16 Chain rule
Ordinary chain rule
TODO
Multi-variable chain rule
The multi-variable chain rule is used to calculate the derivative of the output of a composite function with respect to the input where the inside function of the composite function is a vector-valued function.
Base case: scalar-valued univariate function c (x) = f (\mathbf{g} (x))

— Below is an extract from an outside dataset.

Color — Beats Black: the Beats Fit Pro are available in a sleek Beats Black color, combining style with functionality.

Given a scalar-valued univariate function c (x) = f (\mathbf{g} (x)) that is a composite function of a scalar-valued multivariate function f: \mathbb{R}^{m} \mapsto \mathbb{R} and a vector-valued univariate function \mathbf{g}: \mathbb{R} \mapsto \mathbb{R}^{m} that takes a real-value input, the chain rule for calculating the derivative of c (x) at point x is
\frac{ \mathop{d} c }{ \mathop{d} x } (x) = \sum_{i=1}^{m} \frac{ \partial f }{ \partial g_{i} (x) } (\mathbf{g} (x)) \frac{ \mathop{d} g_{i} }{ \mathop{d} x } (x)
where
\frac{ \partial f }{ \partial g_{i} (x) } (\mathbf{g} (x)) is the partial derivative of the function f with respect of the dimension i at the point \mathbf{g} (x),
\frac{ \mathop{d} g_{i} }{ \mathop{d} x } (x) is the derivative of function g_{i} at the point x.

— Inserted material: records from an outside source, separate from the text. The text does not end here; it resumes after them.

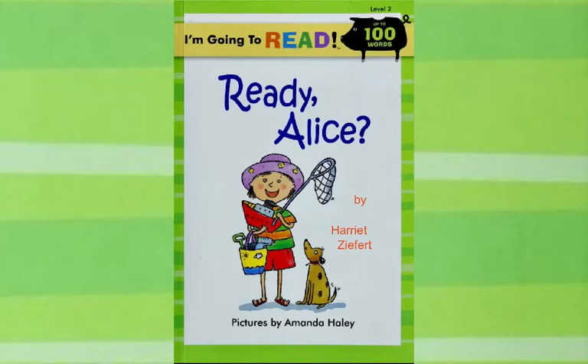This is a great book for those who have learned to read and want to keep on going. It's also a good book for big brothers and big sisters to read to little brothers and sisters. This book is Ready, Alice? It was written by Harriet Ziffert, and the pictures were drawn by Amanda Haley, and it's part of the I'm Going to Read series.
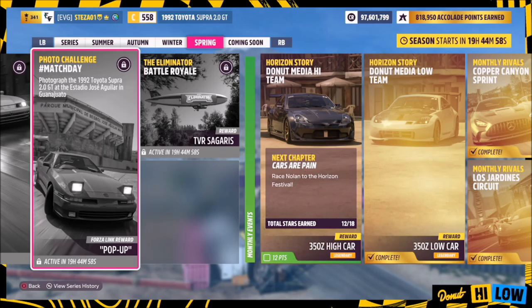Hello and welcome back to the channel. This week's photo challenge guide is called Matchday, which wants you to photograph the 1992 Toyota Supra 2.0L GT at the Estadio Jose Aguila in Guanajuato.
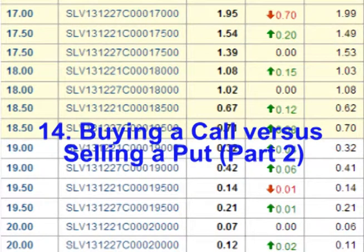Hello and welcome. In this video, we will continue our discussion of comparing buying a call option to selling a put option.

Therefore, the derivative of c (x) is a real number that is calculated using the chain rule as the dot product of the gradient of f (\mathbf{g} (x)) at point \mathbf{g} (x) and the vector of the derivatives of g_{i} (x) at point x
\begin{aligned} \frac{ \mathop{d} c }{ \mathop{d} x } (x) & = \sum_{i=1}^{n} \frac{\partial f}{\partial g_{i} (x)} (\mathbf{g} (x)) \frac{ \mathop{d} g_{i} }{ \mathop{d} x } (x) \\ & = \begin{bmatrix} \frac{\partial f}{\partial g_{1} (x)} (\mathbf{g} (x)) \\ \vdots \\ \frac{\partial f}{\partial g_{m} (x)} (\mathbf{g} (x)) \\ \end{bmatrix}^{T} \begin{bmatrix} \frac{ \mathop{d} g_{1} }{ \mathop{d} x } (x) \\ \vdots \\ \frac{ \mathop{d} g_{m} }{ \mathop{d} x } (x) \\ \end{bmatrix} \\ & = \nabla^{T} f (\mathbf{g} (x)) \frac{ \mathop{d} \mathbf{g} }{ \mathop{d} x } (x). \end{aligned}
Extension 1: scalar-valued multivariate function c (x) = f (\mathbf{g} (\mathbf{x}))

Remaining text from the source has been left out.